Sumit and others,

Our level 1 server support team has identified 107 servers that dropped out
of the domain in Aug.    By far, that's their biggest burden with sssd --
the automatic machine account renewal.

Over the long weekend, our team ran a report that identified any pingable
candidates that (according to AD) had a passwordLastSet age between 31 and
40 days.  These would be our interesting candidates;  candidates > 40 days
would not be of interest to us because AD would have locked the account.

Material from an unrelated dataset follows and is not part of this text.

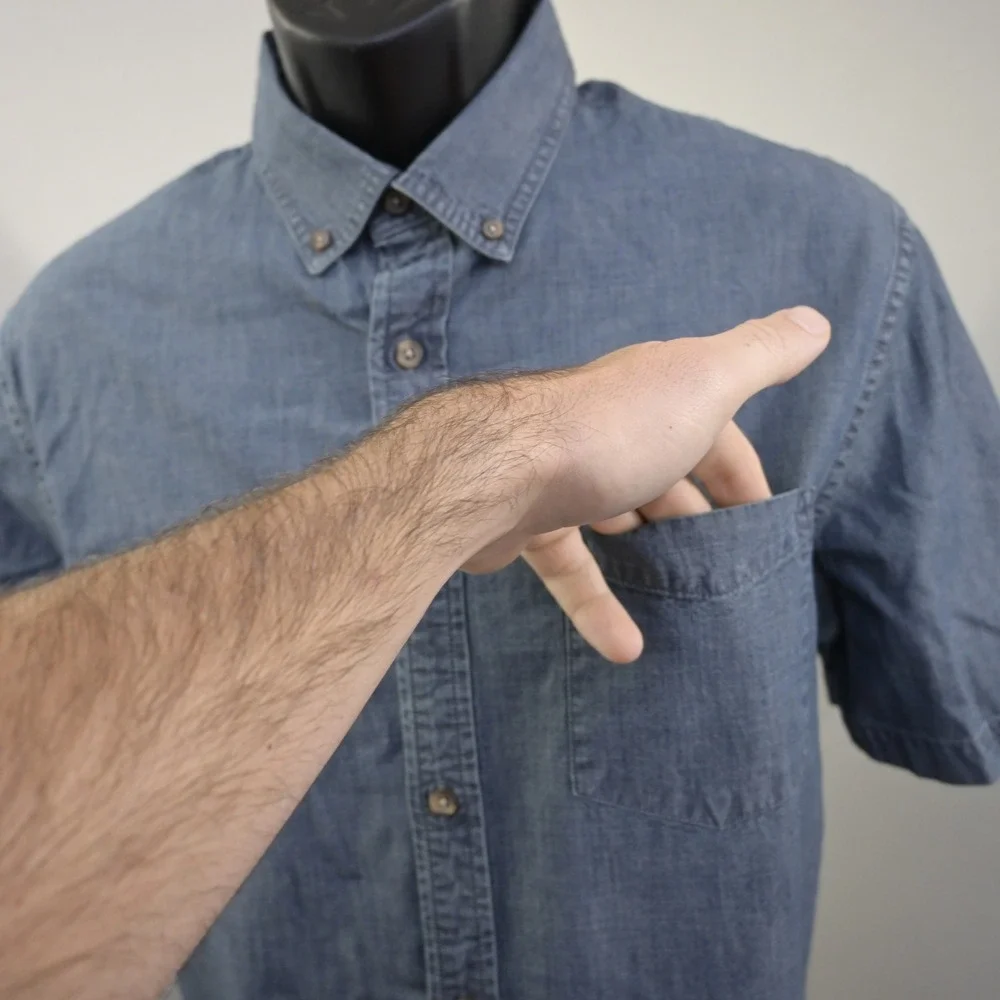 Banana Republic Button Up Men Large Slim Fit Blue Short Sleeve Pocket Cotton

We identified 13 candidates today.    From our various research, so far we
have determined 8 categories of such sssd "automatic machine account
renewal" failure.

1.       Some SE cloned VM and renamed hostname, IP address, rejoined AD.
Old <HOSTNAME>$ entries early in /etc/krb5.keytab file and adcli update
grabs first entry in /etc/krb5.keytab with $ at end of it.

2.       CPU spiked to 100% for 30 days.

3.       Polkit service not running.

4.       msDS-KeyVersionNumber in AD set to one more than KVNO in local
/etc/krb5.keytab file.  passwordLastSet Set to 30 days past last timestamp
in local /etc/krb5.keytab file.  IOW, sssd called adcli update after 30
days.  Adcli update updated AD, not local /etc/krb5.keytab file.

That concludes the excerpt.